2049 is a fine film, suffused with aesthetic references to Wim Wenders and, above all, Andrei Tarkovsky and Stanley Kubrick. Villeneuve expertly deploys layers of pastiche to tell a story absent of humanity about the absence of humanity. And he drives the point home with a touching subplot involving K’s relationship with his holographic girlfriend Joi (Ana de Armas): a tale of devotion, sacrifice and love between a replicant and an artificial intelligence.

There are, however, points where Villeneuve overreaches. The futuristic Pinocchio narrative, the messianic prophecies, and the deflected Oedipal tragedy all seem a little on the nose. 2049’s depiction of commercialized degradation of the flesh and the flesh-like, sometimes skids close to the prurient exploitation it is meant to critique. And Villeneuve’s fascination with the mysteries and miracles of female reproduction is an all-too-familiar trope that we’ve seen before in virtually every every post-apocalyptic science fiction movie since Omega Man.

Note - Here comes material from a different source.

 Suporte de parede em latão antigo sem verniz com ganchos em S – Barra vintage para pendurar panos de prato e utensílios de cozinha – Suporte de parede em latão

The first Blade Runner was a great film because in 1982, when “postmodernity” was still academic jargon or a joke to fill the pages of Spy magazine rather that the universal condition of global post-capitalism, there was still a future for it to undermine. For all of its flaws, Blade Runner 2049 is a brilliant, darkly-moving, trenchant critique of the present and elegy on the past, but it declines to acknowledge the future at all. In the temporally-exhausted fetish market of 2017, there is no future; only the perpetual present of iPhone product cycles and immediately ephemeral tweets.